«Y, sin embargo, desde tiempos remotos las mujeres han contado historias, han cantado romances y enhebrado versos al amor de la hoguera. Cuando era niña, mi madre desplegó ante mí el universo de las historias susurradas, y no por casualidad. A lo largo de los tiempos, han sido sobre todo las mujeres las encargadas de desovillar en la noche la memoria de los cuentos. Han sido las tejedoras de relatos y retales. Durante siglos han devanado historias al mismo tiempo que hacían girar la rueca o manejaban la lanzadera del telar. Ellas fueron las primeras en plasmar el universo como malla y como redes.

Anudaban sus alegrías, ilusiones, angustias, terrores y creencias más íntimas. Teñían de colores la monotonía. Entrelazaban verbos, lana, adjetivos y seda. Por eso textos y tejidos comparten tantas palabras: la trama del relato, el nudo del argumento, el hilo de la historia, el desenlace de la narración; devanarse los sesos, bordar un discurso, hilar fino, urdir una intriga.
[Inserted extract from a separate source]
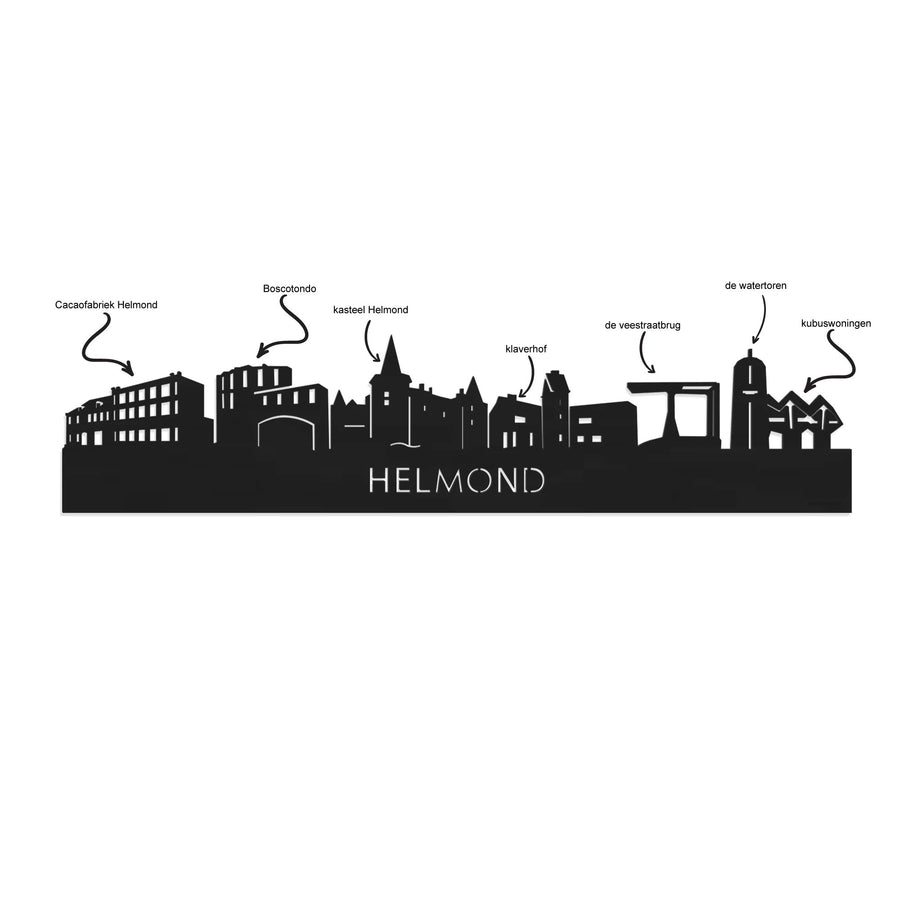 Standing Skyline Helmond Noten houten cadeau decoratie relatiegeschenk van WoodWideCities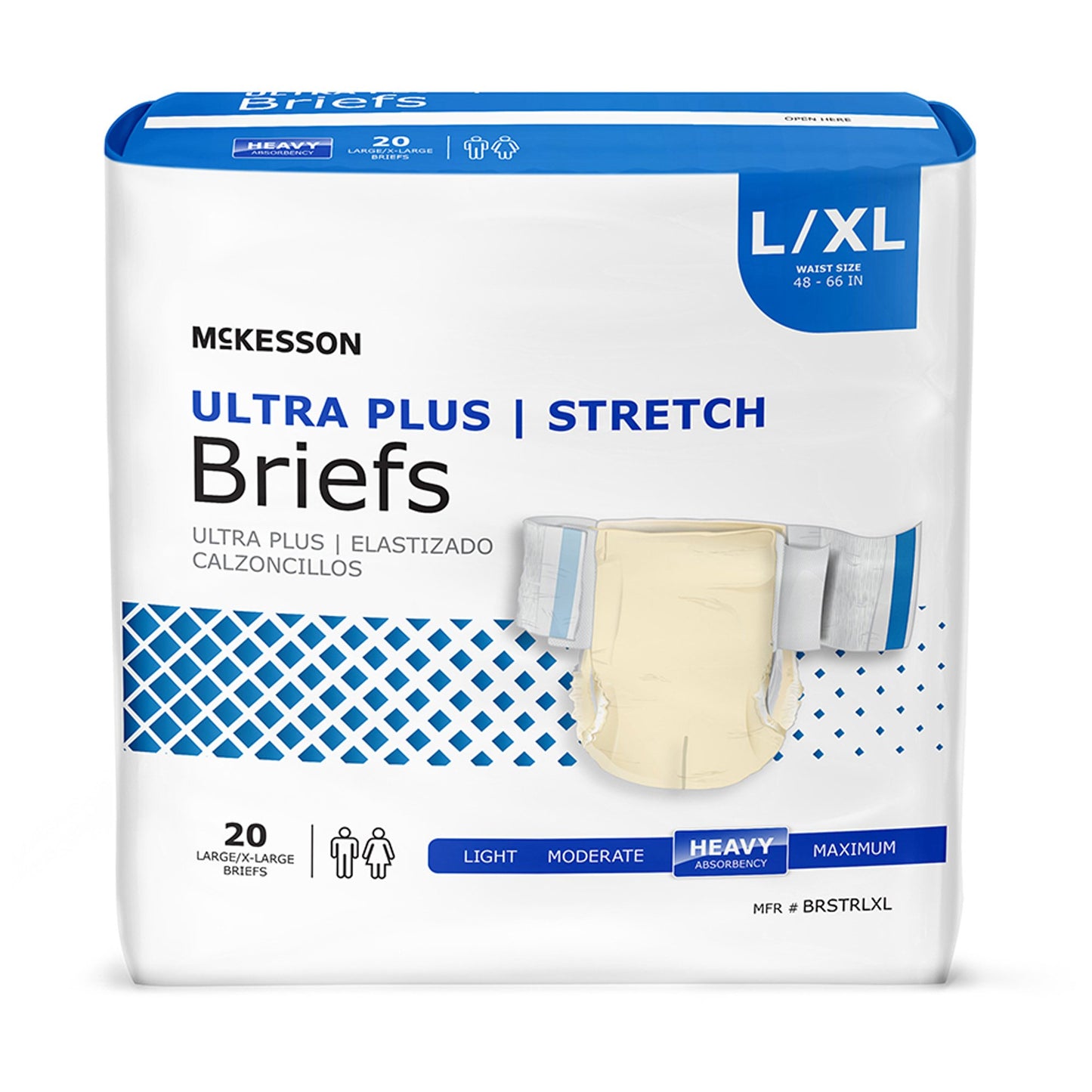 McKesson Ultra Plus Stretch Unisex Adult Incontinence Brief Large / X-Large Disposable Heavy Absorbency (884169_BG)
Por eso los viejos mitos nos hablan de la tela de Penélope, de las túnicas de Nausícaa, de los bordados de Aracne, del hilo de Ariadna, de la hebra de la vida que hilaban las moiras, del lienzo de los destinos que cosían las nortas, del tapiz mágico de Sherezade.

Ahora mi madre y yo susurramos las historias de la noche en los oídos de mi hijo. Aunque ya no soy aquella niña, escribo para que no se acaben los cuentos. Escribo porque no sé coser, ni hacer punto; nunca aprendí a bordar, pero me fascina la delicada urdimbre de las palabras. Cuento mis fantasías ovilladas con sueños y recuerdos. Me siento heredera de esas mujeres que desde siempre han tejido y destejido historias. Escribo para que no se rompa el viejo hilo de voz.»

Irene Vallejo. El infinito en un junco. La invención de los libros en el mundo antiguo. Madrid. Editorial Siruela. Biblioteca de ensayo. 2019. pp. 384-385.